Vinyl siding may be the most popular type of siding currently used. It is affordable, looks good for years and has good durability. But aluminum siding is making a comeback, and steel siding has many good qualities to commend it. Here is a discussion of each type of siding that gives you the main reasons for considering each one.

Vinyl Siding Offers Lower Cost and Good Durability

Vinyl siding comes in several grades, usually distinguished by thickness and texture. The thinnest grades are less than .04” thick. They cost about $3 per square foot installed, and shouldn’t be expected to last more than 10-12 years depending on your climate. They’re a popular choice of homeowners giving their home a facelift before putting it on the market.

Better grades of vinyl siding can be as thick as .055”. They cost up to $5 per square foot installed but are far less likely to crack or be damaged by wind. Top grades also offer premium colors that are deeper and far less likely to fade.

Aluminum Siding Offers Heat Resistance and Better Durability

This type of siding originated in the 1930s as a durable, low-maintenance alternative to wood siding. It has been surpassed by vinyl in popularity, but the current generation of aluminum siding has a lot to offer. The paint is better, so the chalking and fading of early siding is no longer the issue it was.
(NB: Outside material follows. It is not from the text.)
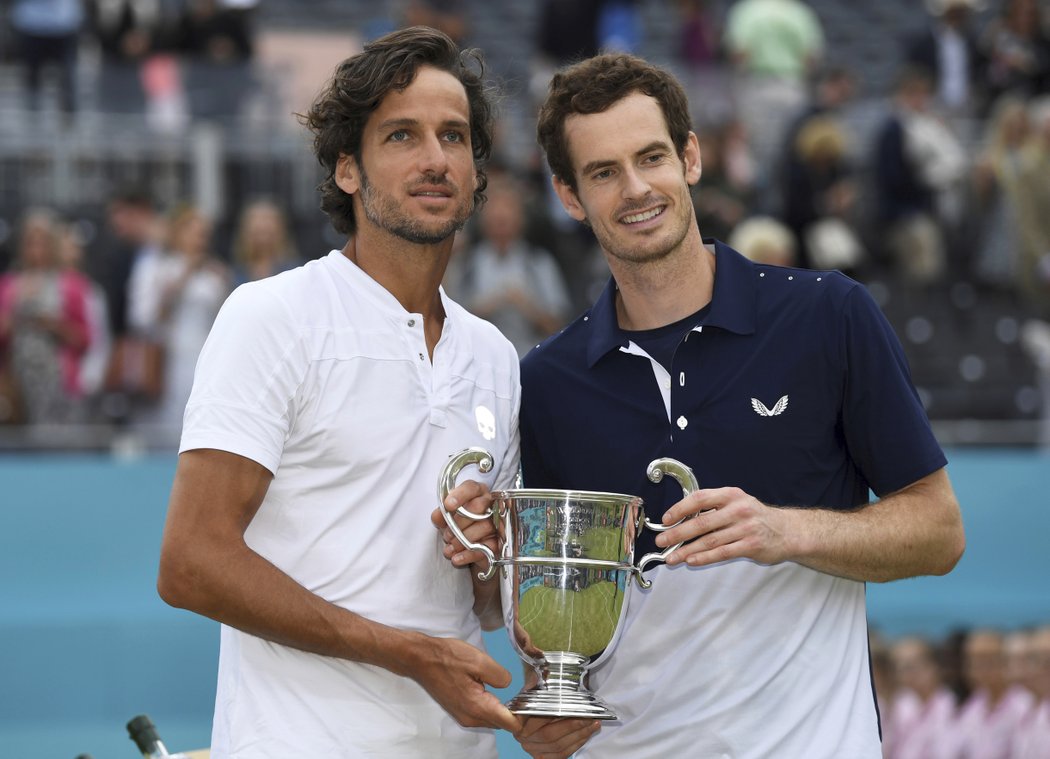 Více než vydařený comeback zažil Andy Murray v červnu. S Felizianem Lópezem ovládl turnaj v Queen´s Clubu.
As with vinyl siding, you’ll be better off choosing premium grades of aluminum. The siding will stand up to bumps better without denting and has tougher paint that is less likely to scratch. If you want slightly better durability to vinyl in a product that is also resistant to heat, this is a good choice. Aluminum siding costs range up to $7 per square foot installed.
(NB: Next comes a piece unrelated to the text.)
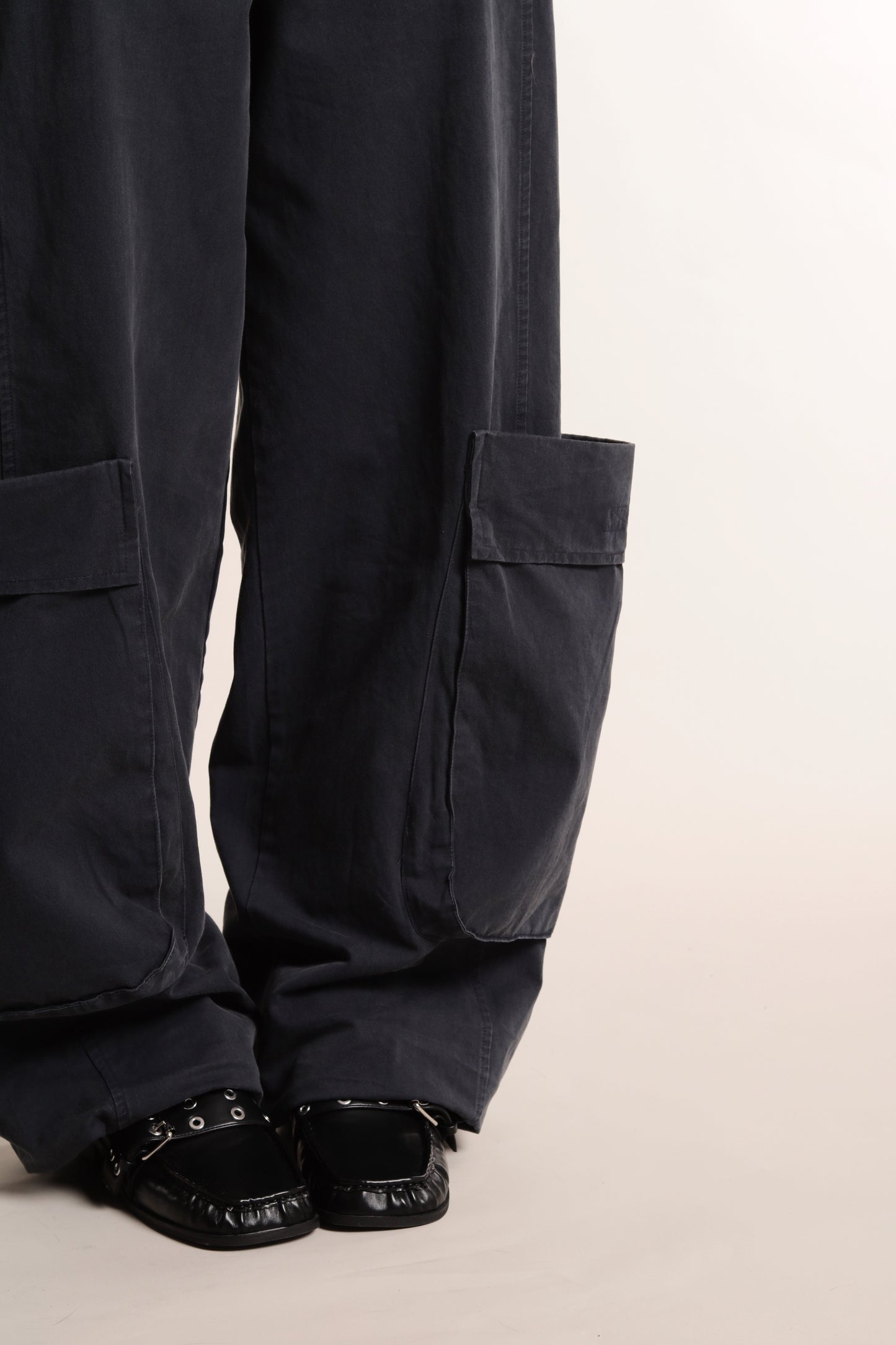 Volume Pocket Pants (Navy)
Steel Siding Offers Excellent Protection and the Best Durability

The drawback to steel siding is that it may not be available in the same number of styles and colors as vinyl or aluminum. What it does provide is superior protection to weather events like high winds or hail. It is also very durable and should last up to 30 years. Like vinyl and aluminum, it is resistant to insects. Quality steel siding costs up to $7 per square foot installed.

Vinyl siding is the best material for short-term affordability, but steel gives you the best long-term value. Whichever type you choose, make sure you hire a qualified siding contractorwith good experience to handle the installation. The quality of the installation has much to do with the performance and durability the siding will give you in the years ahead.

When is the Best Time of Year to Replace the Siding on your Home?

Fall is a the best time to replace the siding on your home for several reasons. Here is why:

1. Prices are Lower in the Fall

Most homeowners get quotes for having their siding replaced in spring and summer. That means that siding contractors are busier in those seasons. Many have as much or more work than they want. Under those circumstances, they write the highest estimates of the year for any new work.
In the fall, the business starts to slack off and they get a little more “hungry.” In cold climates, they want to keep their crew working a little longer before shutting down for the year. You’ll find lower siding price quotes for installation in the fall, especially when you get at least 3 written estimates from contractor who know they are competing for your business.
More good news about prices is that the material is often put on sale in late summer or early fall. Building supply companies want to move out old inventory to make room for winter products they sell or for the next year’s new styles. You might even find clearance deals on very nice siding you’ll love.

2. Summer Heat can Affect Siding Installation

Vinyl siding expands in the heat of summer. If it is installed in hot weather and nailed too tight, it might buckle or crack when it contracts in the cold weather of winter. The mid-range temperatures of fall are ideal for siding vinyl siding installation, and this principle applies to wood siding too.

3. Your Home will be Ready for Winter

Gaps in old siding or the lack of house wrap on your home can raise your utility bills this winter. If you have new siding installed this fall, a competent siding crew will caulk gaps in the construction before putting on the new siding. If your home doesn’t have house wrap, this is an ideal opportunity to put it on before it is covered up by the new siding.

Siding Replacement in Warm Climates Vs. Cold Climates

If you live where winters are mild, then for you, best time of year to replace your siding will be late fall or early winter. In colder climates, you want your siding, especially vinyl siding, installed before freezing weather hits when siding gets slightly brittle and can crack during installation. In cold climates, the period from Labor day to mid-October is ideal.